Goal of the exercise => Word for word, copy the data that follows and skip its pictures.
┌─ The data
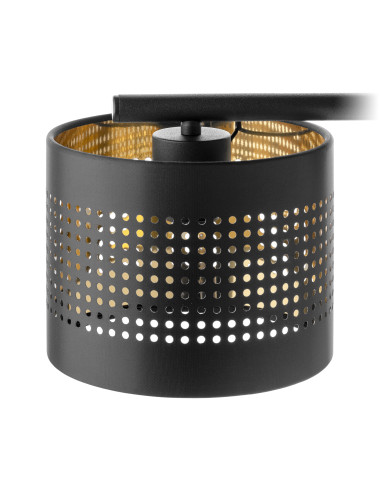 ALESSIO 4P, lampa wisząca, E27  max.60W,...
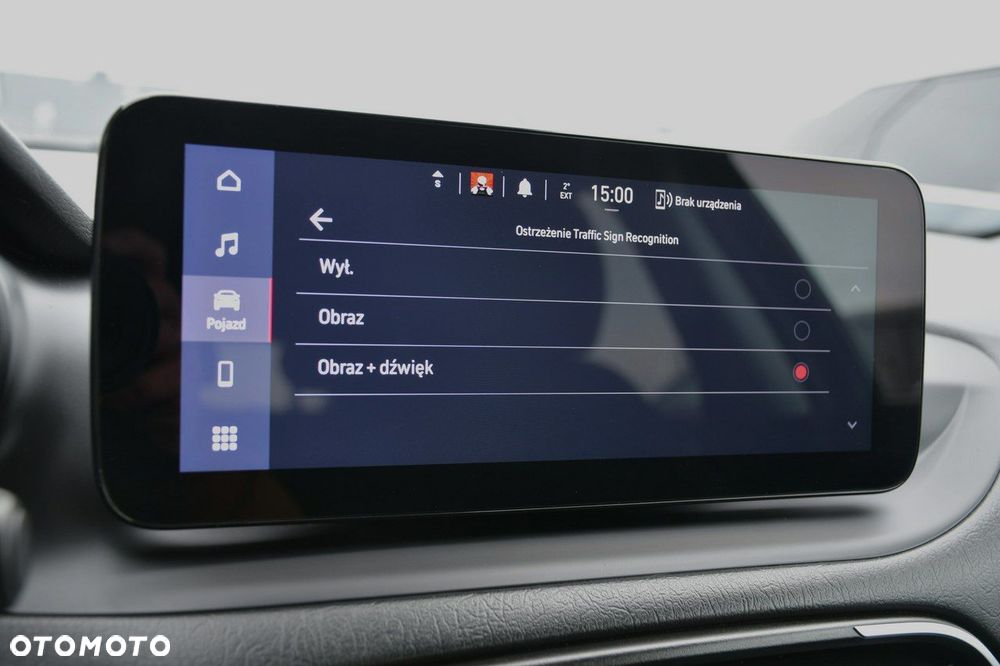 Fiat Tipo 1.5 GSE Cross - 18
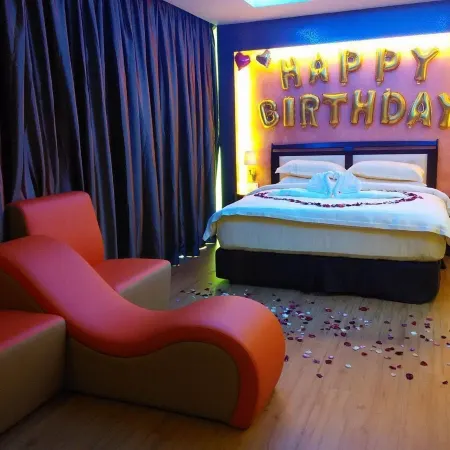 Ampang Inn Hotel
└─
Solution for this exercise =>
 ALESSIO 4P, lampa wisząca, E27  max.60W,...
 Fiat Tipo 1.5 GSE Cross - 18
 Ampang Inn Hotel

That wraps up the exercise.